While salty snacks, and especially chips, continue to drive traffic and sales in convenience stores, the product profiles consumers ask for — fueled by popular promotions — are shifting alongside evolving trends. While shoppers will always pick up their traditional favorites, Americans increasingly clamor for better-for-you items and a host of daredevil flavors that are anything but traditional.
Consumer tastes are evolving because consumers themselves are changing.
“The number of millennials shopping at c-stores is growing, and they want something new and unique. Not all flavors are a home run, but having a unique item gets trial; sometimes the flavors work with consumers, and sometimes they don’t,” said Mike Jackson, category manager for High’s Stores in Baltimore.
High’s, which operates 46 c-stores in highly-populated areas of the Baltimore-Washington, D.C. corridor, enjoyed big success last summer with Herr’s Sweet Roasted Popcorn, which mimicked the flavor of grilled buttery corn on the cob. “It was a perfect flavor for summer,” Jackson said.
Meanwhile at Cenex Zip Trip in Spokane Valley, Wash., salty snack sales are up slightly over last year. “But we are seeing higher margin dollars as we are seeing sales shifting to higher-margin items,” said Jon Fleck, merchandising manager for Cenex Zip Trip, which operates 36 locations in Minnesota, Montana, North Dakota, South Dakota and Wyoming.
Managing the category closely is essential. Stores must continue to monitor sales to see what is moving, and alter planograms to increase shelf space for those items, said Fleck. “We must continue to keep our fingers on the pulse of this category.”
That pulse remains strong and steady.
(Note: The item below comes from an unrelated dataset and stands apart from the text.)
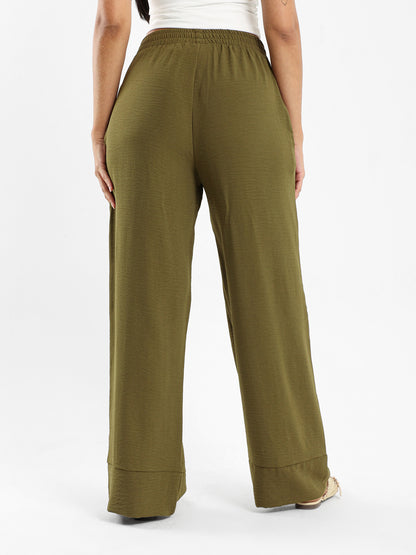 Wide-Leg Elastic Waist Pants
In the convenience store channel, for the 52 weeks ending Feb. 24, 2019, IRI found total salty snacks sales topped $5.6 billion, a 5.4% rise over the previous year. Sales of potato chips reached more than $1.7 billion, up 2.6%. Tortilla/tostada chip sales exceeded $1.1 billion, an increase of 11.6%, and pretzels recorded $245.1 million in sales, up 2.2%. And those weren’t the only salty snacks to enjoy gains. Other salted snacks (no nuts) rose to more than $919 million, up 6.1%. Cheese snack sales topped $742 million, a 7.1% gain, and ready-to-eat popcorn/caramel corn sales came in at $236.5 million, a 3.4% gain.
Healthy snacks benefit both the body and a customer’s conscience.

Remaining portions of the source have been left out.